A team from the Technical University of Berlin (TU Berlin), HZB, IMTEK (University of Freiburg), and Siemens Energy has developed a highly efficient Anion Exchange Membrane (AEM) electrolyzer, whose performance is comparable to that of existing Proton Exchange Membrane (PEM) electrolyzers. What makes this achievement remarkable is the use of inexpensive nickel compounds as the anode catalyst, replacing the expensive and rare iridium traditionally used in PEM electrolyzers.
At BESSY II, the team was able to conduct operando measurements to thoroughly elucidate the catalytic processes. A theoretical team from the U.S. and Singapore provided consistent molecular descriptions. In Freiburg, a prototype cell was tested using a new coating process.
The research results have been published in the prestigious journal Nature Catalysis.

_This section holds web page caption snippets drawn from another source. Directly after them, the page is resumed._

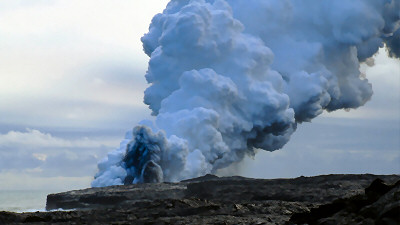 Caves of Fire features stunning footage of the Kilauea Eruption in September 2008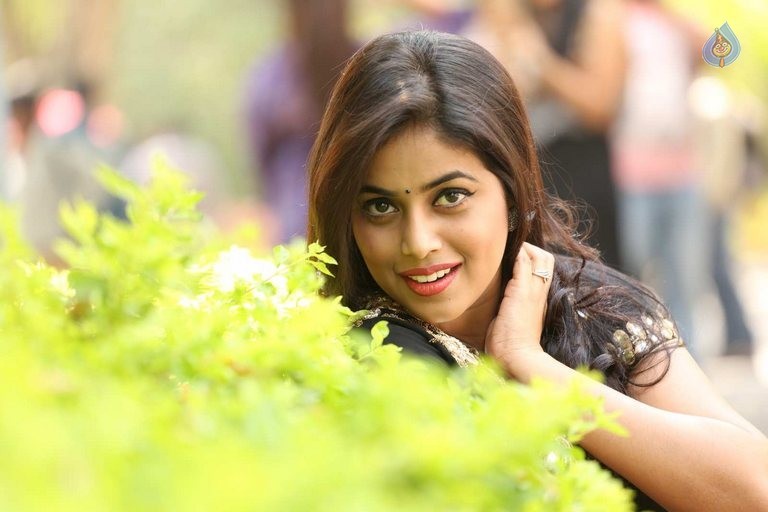 Poorna Latest Photos - 24 / 42 photos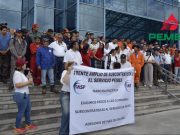 Trabajadores subcontratistas de Pemex exigen pagos atrasados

Hydrogen will play a significant role in future energy systems, serving as an energy storage medium, fuel, and a valuable raw material for the chemical industry. When generated from solar or wind energy, hydrogen can be produced through water electrolysis with minimal climate impact. Currently, the scale-up of the green hydrogen economy is dominated by two systems: Proton Exchange Membrane (PEM) electrolysis and classic liquid alkaline electrolysis (ALK). The AEM electrolyzer combines the advantages of both systems, such as not requiring rare precious metals like iridium.
The joint research team has now introduced their first AEM electrolyzer, with hydrogen production efficiency nearly as high as that of PEM electrolyzers. Instead of using iridium, they have employed nickel and iron, cobalt, or manganese hydroxides and developed a method to directly coat them onto the anion exchange membrane.
During the electrolysis process, the team was able to conduct operando measurements at the BESSY II synchrotron radiation source at LiXEdrom in Berlin. Theoretical teams from Singapore and the U.S. helped explain the experimental data.
Professor Peter Strasser from the Technical University of Berlin explained,
“This allowed us to elucidate the relevant catalytic processes on the catalyst-coated membrane, particularly the phase transition from the catalytically inactive α-phase to the highly active α-phase and the role of various O-ligands and Ni4 centers in catalysis.”
“It is this gamma phase that makes our catalyst competitive with the current state-of-the-art iridium-based catalysts. Our work shows important catalytic similarities with iridium but also reveals some surprising molecular differences.”
“Therefore, this research significantly enhances our understanding of the fundamental catalytic mechanisms of new nickel-based electrode materials. Additionally, the newly developed membrane electrode coating method shows excellent scalability. The first fully functional laboratory unit has already been tested at IMTEK. This work lays the foundation for further industrial evaluation and demonstrates that AEM water electrolyzers can also be highly efficient.”